Pacific Waste Management Corp. has revived its beleaguered effort to win state Energy Commission approval to build a waste-to-energy plant in Irwindale by signing an agreement with a Carson company to supply most of the proposed plant's trash.
However, the agreement does not provide enough trash to meet Energy Commission requirements unless the commission accepts the company's plan to build the plant in stages, starting with 2,250 tons of trash a day instead of the originally proposed 3,000.
Critics immediately attacked the agreement, charging that it raises questions about the financial soundness of the waste-to-energy project, that trash would be imported from the South Bay to Irwindale and that air pollution from truck traffic would increase.
Even if the agreement withstands scrutiny by the Energy Commission, which has spent two years considering a permit for the plant, Pacific Waste faces numerous other hurdles, including strong opposition from neighboring cities and stringent air pollution requirements.
Richard Richards, attorney for Pacific Waste, said the trash agreement with Western Waste Industries meets the commission's requirement that Pacific Waste line up 75% of the trash the plant would burn to create electricity.
The agreement calls for Western Waste to deliver 2,000 tons of trash six days a week to Irwindale from the day the plant opens until Dec. 21, 2013. It does not specify where the trash will come from, and neither Western Waste officials nor their attorney, Graham Ritchie, would comment beyond the contract.
Terry O'Brien, project manager for the Energy Commission, said there is a question whether the waste-supply agreement is adequate.
Originally, Pacific Waste planned to build a plant that would burn 3,000 tons of trash a day.
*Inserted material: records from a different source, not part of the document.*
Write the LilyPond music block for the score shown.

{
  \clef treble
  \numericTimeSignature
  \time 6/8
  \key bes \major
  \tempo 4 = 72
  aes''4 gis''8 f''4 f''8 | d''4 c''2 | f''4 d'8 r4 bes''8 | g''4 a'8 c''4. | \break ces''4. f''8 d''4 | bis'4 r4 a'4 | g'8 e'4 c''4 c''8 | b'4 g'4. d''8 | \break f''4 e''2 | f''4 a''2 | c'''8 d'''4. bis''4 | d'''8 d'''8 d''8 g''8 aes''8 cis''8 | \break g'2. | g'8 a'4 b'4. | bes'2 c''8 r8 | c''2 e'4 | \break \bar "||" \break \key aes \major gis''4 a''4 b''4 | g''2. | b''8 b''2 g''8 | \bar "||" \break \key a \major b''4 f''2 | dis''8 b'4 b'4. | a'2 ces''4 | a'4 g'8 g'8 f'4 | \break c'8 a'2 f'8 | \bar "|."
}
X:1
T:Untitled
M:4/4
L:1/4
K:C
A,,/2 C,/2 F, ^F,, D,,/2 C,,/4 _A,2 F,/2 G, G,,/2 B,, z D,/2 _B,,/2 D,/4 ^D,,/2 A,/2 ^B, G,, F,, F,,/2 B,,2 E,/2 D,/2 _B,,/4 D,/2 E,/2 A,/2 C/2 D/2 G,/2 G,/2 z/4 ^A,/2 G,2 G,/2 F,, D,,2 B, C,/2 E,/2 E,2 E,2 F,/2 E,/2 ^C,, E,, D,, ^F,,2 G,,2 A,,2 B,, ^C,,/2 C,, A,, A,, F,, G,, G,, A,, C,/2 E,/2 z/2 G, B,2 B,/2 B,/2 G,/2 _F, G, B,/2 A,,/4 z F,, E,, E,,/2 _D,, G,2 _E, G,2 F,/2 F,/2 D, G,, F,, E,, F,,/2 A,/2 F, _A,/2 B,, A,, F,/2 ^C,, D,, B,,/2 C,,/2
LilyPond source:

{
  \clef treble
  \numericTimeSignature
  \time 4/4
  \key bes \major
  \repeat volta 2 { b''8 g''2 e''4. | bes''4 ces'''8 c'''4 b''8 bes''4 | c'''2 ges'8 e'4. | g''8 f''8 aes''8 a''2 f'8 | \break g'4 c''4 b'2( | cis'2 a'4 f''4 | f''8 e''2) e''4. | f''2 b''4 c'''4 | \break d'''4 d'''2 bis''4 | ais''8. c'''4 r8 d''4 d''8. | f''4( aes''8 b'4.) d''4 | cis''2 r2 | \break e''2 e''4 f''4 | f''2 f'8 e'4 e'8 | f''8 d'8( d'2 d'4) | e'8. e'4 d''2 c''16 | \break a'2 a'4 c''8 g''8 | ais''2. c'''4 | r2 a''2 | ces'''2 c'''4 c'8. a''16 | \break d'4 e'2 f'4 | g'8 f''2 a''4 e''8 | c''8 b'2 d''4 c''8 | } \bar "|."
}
The commission in September ordered the company to obtain waste-supply commitments for 75% of that amount by Dec. 1 or risk termination of licensing proceedings.
In September, Pacific Waste revised its plans with the intention of building the plant in two stages, starting with a capacity of 2,250 tons of trash a day. Attorneys for Pacific Waste argued in papers filed with the commission this week that it should base its waste-commitment requirement on the reduced plant capacity.
O'Brien said 2,000 tons of trash a day would be enough only if the commission accepted Pacific Waste's argument.
The commission will not rule on Pacific Waste's request to build the plant in two stages until it decides another matter, that of the number of air-pollution offset credits Pacific Waste will have to provide before the plant can be licensed.
Pacific Waste last month unsuccessfully sought a Los Angeles Superior Court order to set aside the Energy Commission requirement that it line up trash commitments.
Commission attorneys argued that the commission must know where the trash will be hauled from in order to study disposal alternatives and analyze traffic impact. The company argued that ample trash would be available but that it could get trash commitments at this stage only by offering financial inducements.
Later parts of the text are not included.